Enhances exists queries to reduce need for `_field_names` by colings86 · Pull Request #26930 · elastic/elasticsearch

colings86 · 2017-10-09T14:49:04Z

Before this change we wrote the name all the fields in a document to a _field_names field and then implemented exists queries as a term query on this field. The problem with this approach is that it bloats the index and also affects indexing performance.

This change adds a new method existsQuery() to MappedFieldType which is implemented by each sub-class. For most field types if doc values are available a DocValuesFieldExistsQuery is used, falling back to using _field_names if doc values are disabled. Note that only fields where no doc values are available are written to _field_names.

Closes #26770

jpountz

Thanks for working on it.

One concern I have is that the impl for existsQuery is shared in a super class while the logic for adding mappers is in concrete impls. I think it makes it very easy to inherit the default impl for the exists query and forget to add a _field_names field at index time if necessary?

jpountz · 2017-10-09T21:49:09Z

client/rest/src/main/java/org/elasticsearch/client/RestClientBuilder.java

haha good spot, this was so that the rest client didn't time out when I was debugging rest tests, shouldn't have been committed.

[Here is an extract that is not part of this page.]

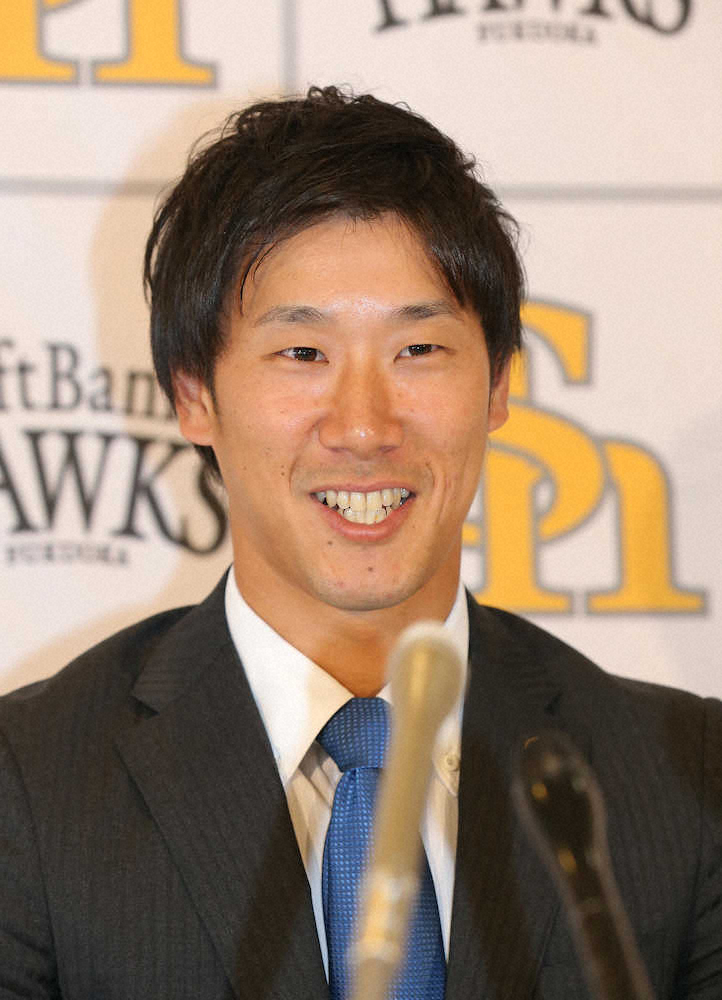 【画像・写真】ソフトB　高田、100万円増で更改　自己最多93試合出場　オフは打力アップ目指す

jpountz · 2017-10-09T21:49:32Z

core/src/main/java/org/elasticsearch/index/mapper/BinaryFieldMapper.java

I expected binary fields to require changes?

see #26930 (comment)

Then shouldn't it create field names fields when it is stored or has doc values?

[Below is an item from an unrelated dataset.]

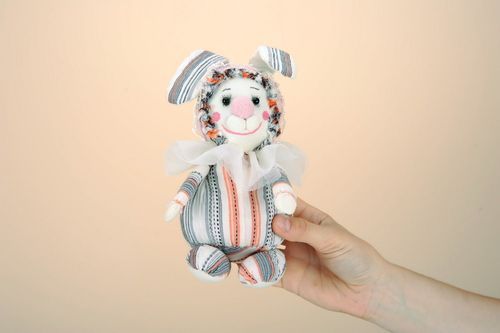 Muñeca de peluche Conejito - MADEheart.com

You are right, I've made changes to support this

jpountz · 2017-10-09T21:51:24Z

core/src/main/java/org/elasticsearch/index/mapper/FieldMapper.java

why do we need this if statement?

@jpountz and I discussed this and we agreed that for this PR we will keep the behaviour that exists queries will only work for fields that are indexed, stored, or have doc values (or a combination of those) so this PR can be merged into 7.0 and 6.x. I'll make a followup PR for 7.0 only that changes things to allow exists to work for any field that is mapped.

Hmm but then that if statement is still buggy since it should also check for hasDocValues? Actually I'd be in favour of removing it entirely since you seem to have that logic on the call sites already anyway (only adding this field if there are no doc values)?

I've moved this logic outside of this method, the callers now check to ensure if field names field should be created

jpountz · 2017-10-09T21:51:56Z

core/src/main/java/org/elasticsearch/index/mapper/FieldNamesFieldMapper.java

can you leave a comment that the logic sits in other impls?

jpountz · 2017-10-09T21:56:55Z

core/src/main/java/org/elasticsearch/index/mapper/SourceFieldMapper.java

you could return a match_all if the field is enabled and match_none otherwise?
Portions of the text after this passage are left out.